In The Dance of the Necklace, Grazia Deledda moves away from the countryside of her native Sardinia to create a classically modern, urban narrative. Writing in a more spare, experimental style, she uncovers the "vain anguish of our strongest passions: love, ambition, and the instinct to appear more than what we are."
A pearl necklace symbolizes the "dance" of jealousy, greed, and love, both erotic and familial, which unites and divides the three main characters: an aunt and her niece who share the same name and a young count seeking to regain his family's bartered string of pearls.
An innocent deception turns on itself to explore the nature of the double and the mask: two topoi of modernity.

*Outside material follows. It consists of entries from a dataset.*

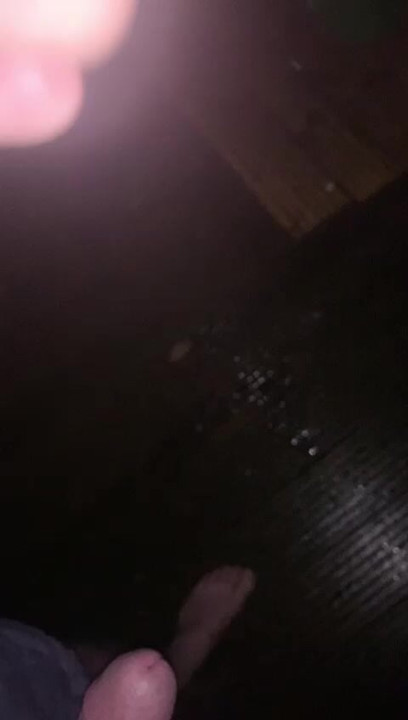 Backyard wank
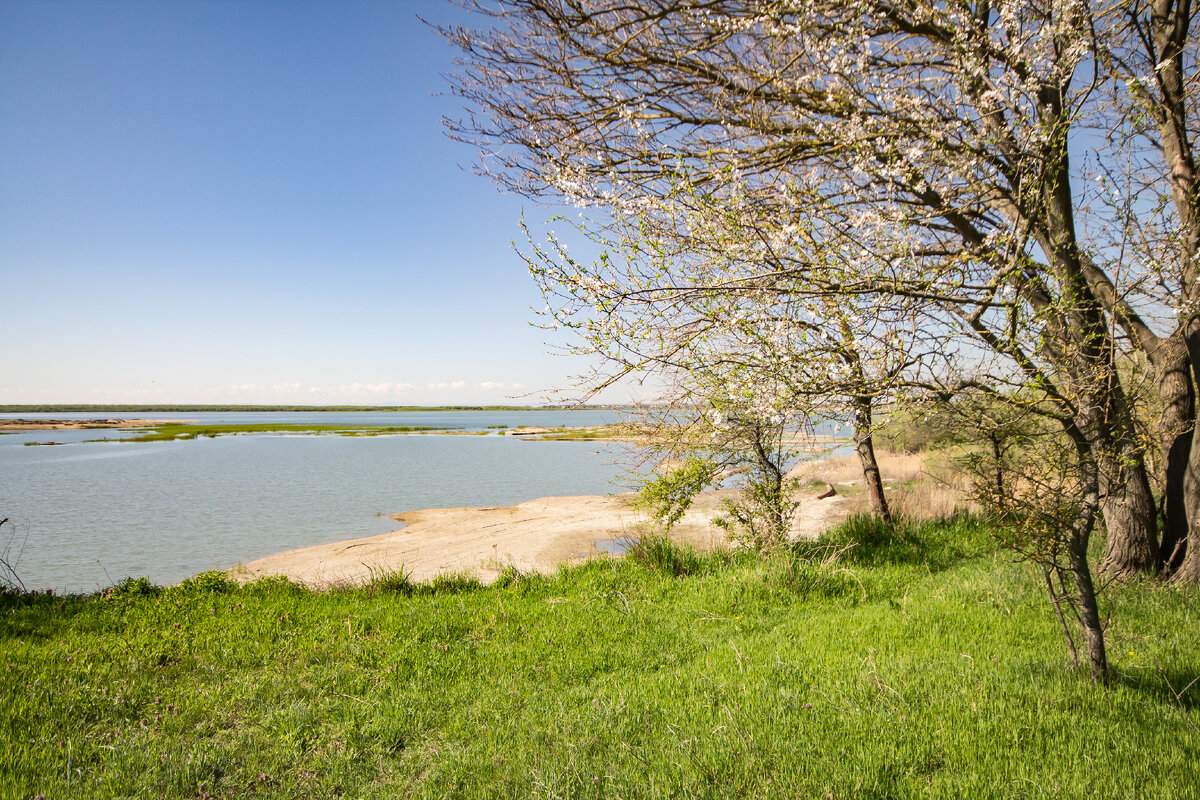Выход к берегу затона р.Кубань, недалеко от КП Родной берег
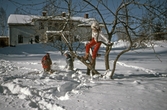 Ungdomar leker i snön, 1970-tal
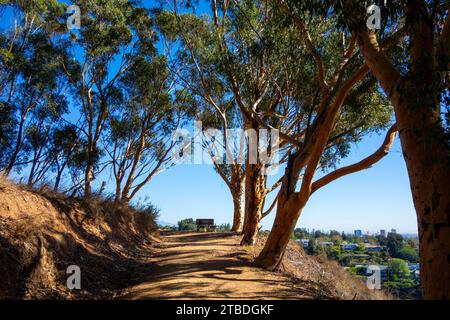 Blick auf die Polo-Felder, die Berge, den Küstenstrand und die Eukalyptusbäume im will Rogers State Historic Park in den Pacific Palisades Stockfoto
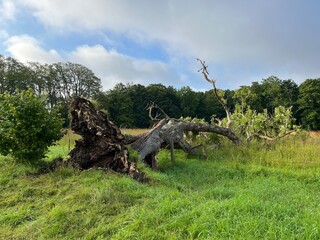 fallen tree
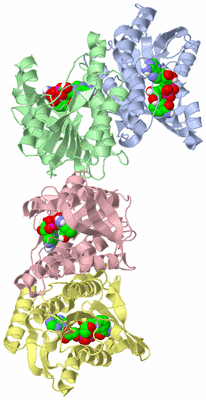 Image Biological Unit 1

Like Virginia Woolf, Doris Lessing, and Annie Ernaux, Deledda delves into what it means to be a woman, alone and aging, living in a world where she is increasingly unwanted and invisible despite her lingering desires.

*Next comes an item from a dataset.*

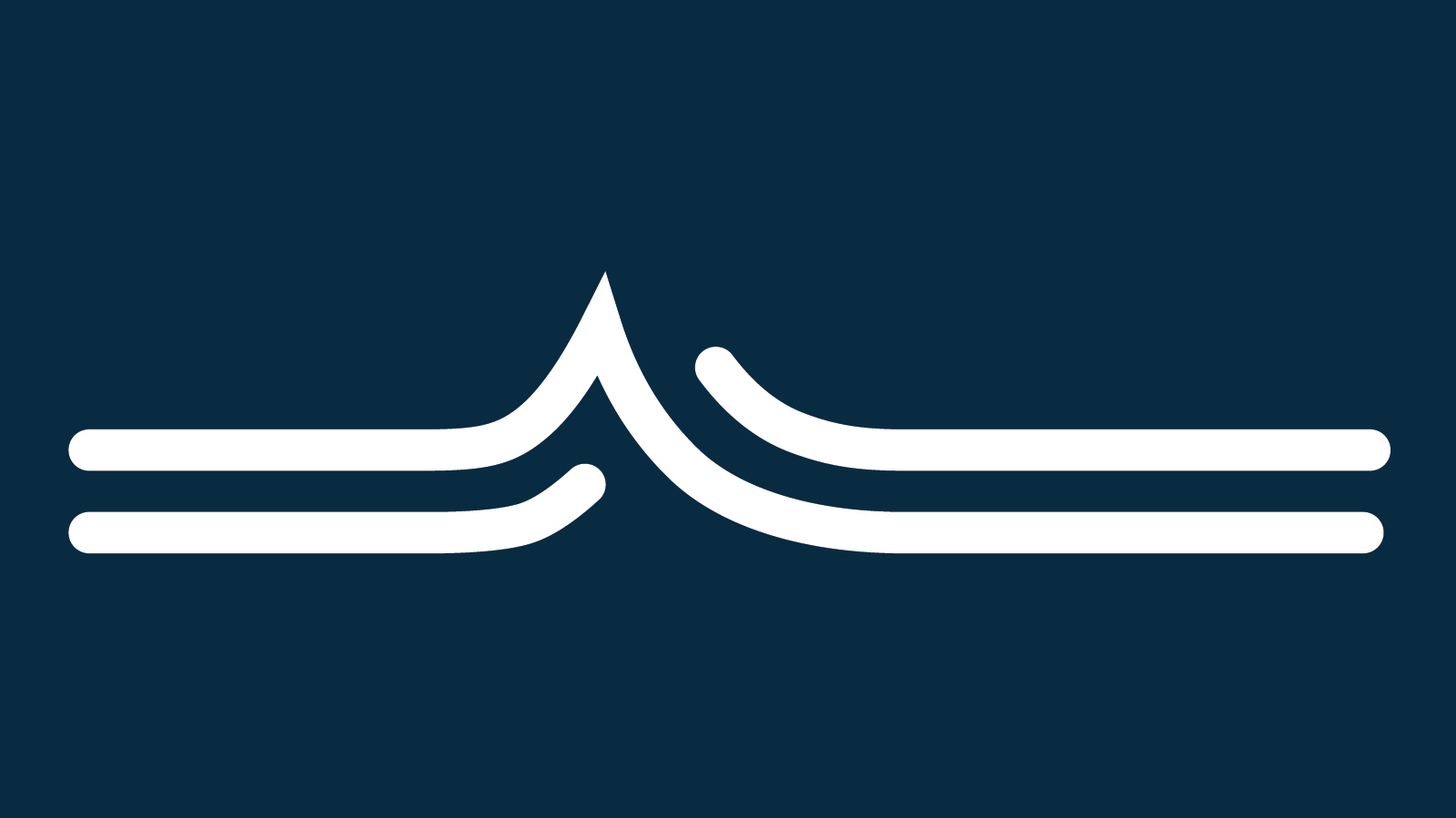 goals and principles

According to the critic Margherita Heyer-Caput, the novel is one of Deledda's "most conscious and disquieting expressions of modernity." It challenges the labels often applied to this writer and overturns established critical categories to question margin-center hierarchies applied to her work. The Dance of the Necklace is a remarkable and rare example of Deledda's modernism.
First English translation of La Danza della Collana (1924).

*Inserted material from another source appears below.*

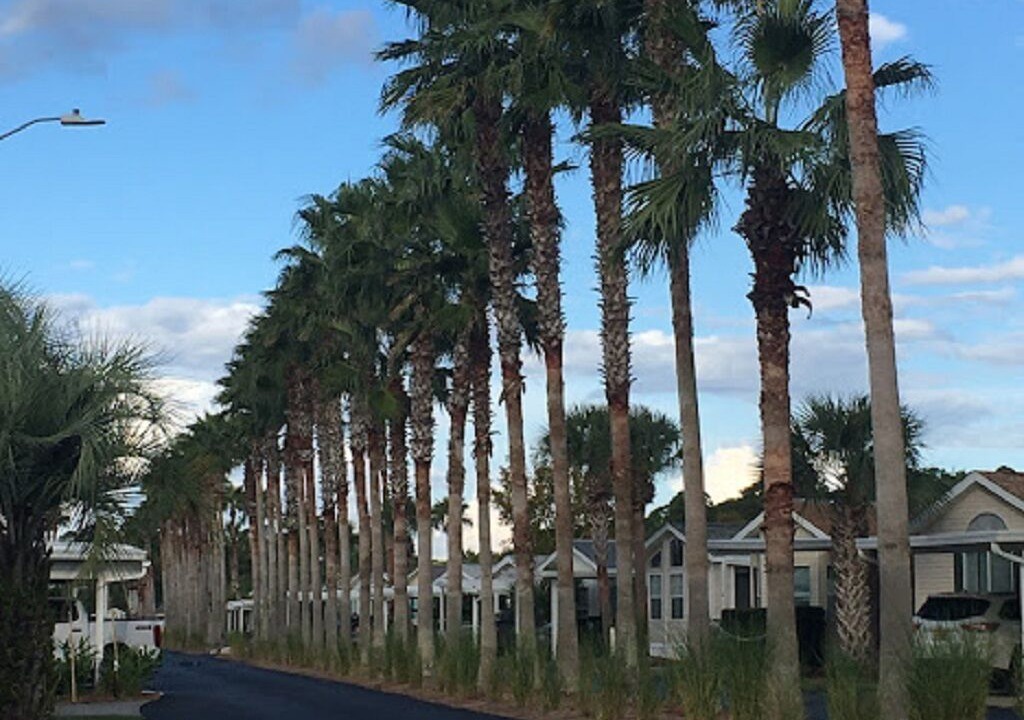 Photo of Outdoor in Upper Grand Lagoon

Introduction, notes, bibliography.
124 pages.
Author Biography:
GRAZIA DELEDDA was born in 1871 in Nuoro, Sardinia. She had a limited formal education, but was an avid reader. She published her first story in 1886 when she was fifteen, in a newspaper in Nuoro. Her stories continued to be published in one of the many fashion magazines of the late nineteenth century, Ultima Moda.Although the dismay of her family and friends distressed her, it also strengthened her resolve to succeed. In 1899 she left Nuoro and went to Cagliari, where she met and married Palmiro Madesani. A year later they moved to Rome, where Deledda lived a quiet life with her husband and two sons until her death in 1936, at sixty-five.Deledda wrote thirty-three novels and many books of short stories, almost all of them set in Sardinia. Among her better-known novels are Elias Portolu, Canne al vento (published by Italica Press in 1998 as Reeds in the Wind), La madre, Annalena Bilsini, and Cosima (Italica Press, 1988), her posthumous autobiographical novel. Grazia Deledda became, in 1926, the first Italian woman to receive the Nobel Prize for Literature. Mary Ann Frese Witt is Professor Emerita of Italian, French, and Comparative Literature at North Carolina State University. Her books include The Search for Modern Tragedy: Aesthetic Fascism in Italy and France (Cornell University Press, 2001) and Metatheater and Modernity: Baroque and Neobaroque (Fairleigh Dickinson University Press, 2013). She has published numerous articles on Pirandello and modern theater. In collaboration with Martha King, she is the translator of Pirandello's novel Her Husband (Duke University Press, 2000). In collaboration with Martha Witt, she has translated and published contemporary Italian short stories, two plays by Pirandello - Six Characters in Search of an Author (Italica Press, 2013) and Henry IV (Italica Press, 2016) - and Grazia Deledda's novel Ivy (L'Edera) (Italica Press, 2019). Martha Witt is Professor of English and Creative Writing at William Paterson University. She is the author of the novel, Broken As Things Are (Holt, 2004/Picador, 2005). Her translations and short fiction have appeared in multiple anthologies and international literary journals. In collaboration with Mary Ann Frese Witt, she has translated and published contemporary Italian short stories, two plays by Pirandello - Six Characters in Search of an Author (Italica Press, 2013) and Henry IV (Italica Press, 2016) - and Grazia Deledda's novel Ivy (Italica Press, 2019).